Databases can have various constraints (uniqueness, etc.) enforced at the DB
level. ActiveRecord also allows for uniqueness checks, but these are separate
mechanisms. If you want to validate for uniqueness, two processes each running
the same Rails app might concurrently check for uniqueness, assume validity,
and then independently insert two non-unique records.
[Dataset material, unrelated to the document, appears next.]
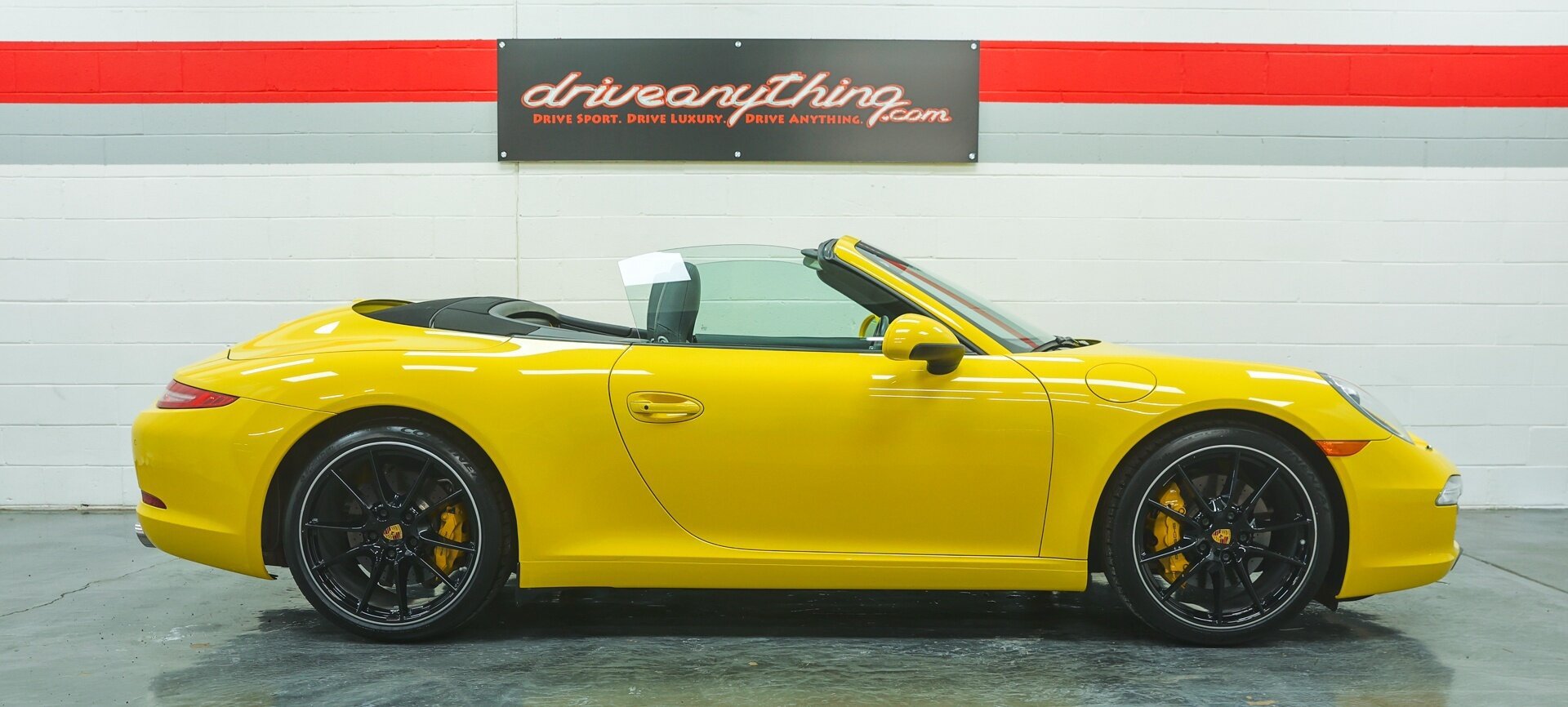 Used 2012 Porsche 911 Carrera S w/ Burmester Audio Pkg RWD image 63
At this point, your DB
will throw an error. (Edit: Rails actually wraps this exception now, but if
you follow the idiomatic pattern and don’t bother catching it, it just 500’s
the request.) Rails is (edit: still) not wired to treat this as a uniqueness
violation at all; it just has its own uniqueness validation mechanism that
doesn’t even work in the most common use case for Rails.

In a concurrent environment like this with a shared DB, the only way to avoid
check-and-set conditions is to just try the insert and only complain about
uniqueness violations when the insert fails the DB-level uniqueness check.
(Edit: Rails provides a wrapped exception for this use case, but that’s
certainly not the conventional Rails way of handling uniqueness validations.)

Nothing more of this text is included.